Coronavirus and possible adaptation of the methods of deliberations
An important topic for most of the companies in France whose corporate bodies need to meet in person, failing which the related decisions are null and void.
It is almost impossible to hold a physical meeting currently in France. An important topic for most of the companies whose corporate bodies need to meet in person, failing which the related decisions are null and void. In particular in this period of the year when annual financial statements need to be authorised and soon approved.
This issue is about to be solved by the beginning of the week starting 23 March. French government intends to extend the use of other means (videoconferencing or means of telecommunication or written consultation) even if the law or the articles of association of the entities concerned provide otherwise.
These rules would enter into force retroactively (probably on 14 march) and until 31 July, unless this date is further extended.
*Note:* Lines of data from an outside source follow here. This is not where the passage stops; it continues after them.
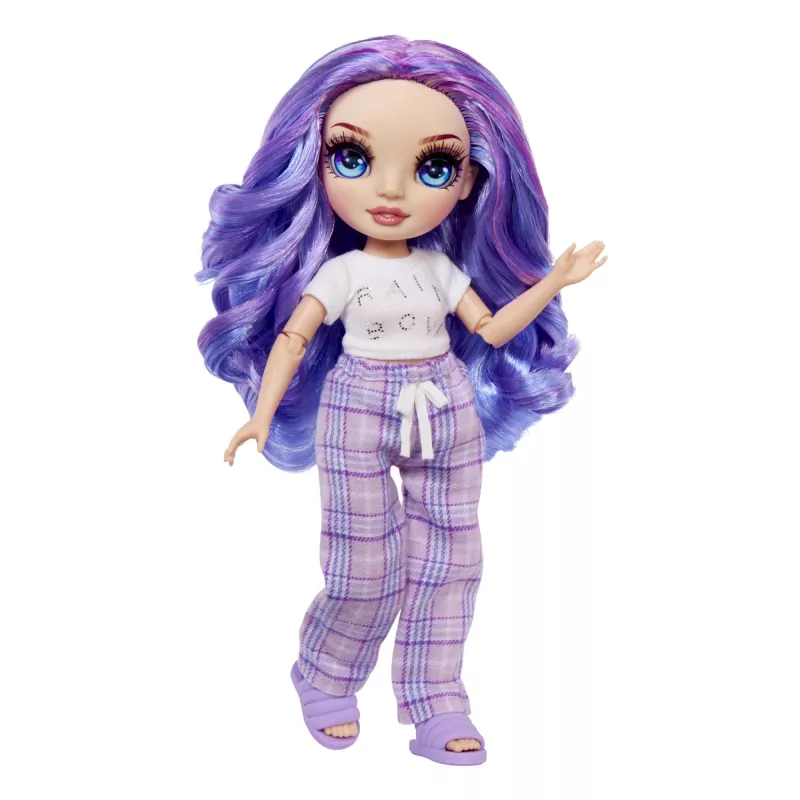 Rainbow High Junior High 503705EUC boneca
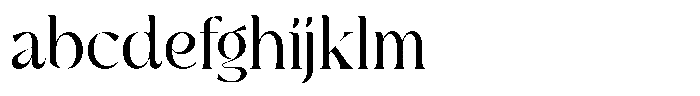 Orlynia FONT
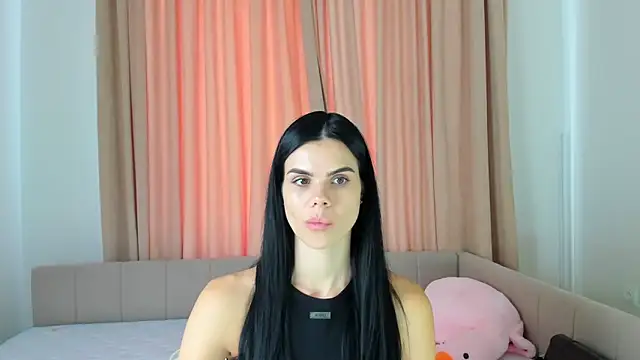 Amelisweett online show from 09-16-25, 06:47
In the current global context of the coronavirus epidemic (covid-19) and the fight against its spread, and taking into account, particularly in France, decisions aimed at confining the population, the government is currently considering adapting the procedures for the holding of general meetings and boards of directors and supervisory boards of corporate entities (including limited liability companies, EIG (economic interest grouping), EEIG, cooperatives and insurance companies) in order to enable their bodies to deliberate validly and to ensure the continuity of their operations. The texts should be approved rapidly (probably early in the week starting 23 March, according to our understanding).
With regard to general meetings, it would be envisaged to exceptionally authorize companies to hold their meetings without the physical presence of the partners/shareholders. This measure, if taken, would allow the meetings to deliberate and not have to be adjourned. Of course, in such a case, shareholders/partners would continue to be able to fully exercise their rights (in particular the right to vote, to ask written questions and/or to propose the inclusion of draft resolutions on the agenda) under the conditions provided for by the applicable laws and regulations.
In order to encourage the participation and voting of shareholders/partners, it would also be planned to extend the use of alternative methods of deliberation (videoconferencing or means of telecommunication or written consultation), in companies for which these alternative means of deliberation are already provided for by law, by removing the requirement that a clause in the articles of association must authorize it, or, for companies for which the use of videoconferencing or telecommunication means are not yet authorized, by extending it to these companies, provided that these means can guarantee the integrity of the deliberations as required by the law. Thus, provided that they have adequate technical means, all these companies would be entitled to use these alternative methods of deliberation.
With regard to the boards of directors or supervisory boards, in order to enable them to continue to carry out their mission (and in particular during this period to approve or examine, as the case may be, the annual financial statements, which has per the law needs to be performed by means of a physical meeting), it is planned to extend and make more flexible the use of videoconferencing and telecommunication means to hold the meetings. As per the general meetings, these means must guarantee the integrity of the deliberations as required by the law.
In order to allow all general meetings (a significant number of which must be held before 30 June 2020) and meetings of boards of directors and supervisory boards to be held under satisfactory conditions of legal certainty, these provisions could be applicable retroactively (probably from the date on which the ban on meetings of more than 100 people came into force (14 March) and until a date allowing general meetings to be held to approve the financial statements (currently set at 31 July 2020). The period of application of these exceptional provisions could be extended, depending on the health situation, without exceeding a deadline currently set at 30 November 2020.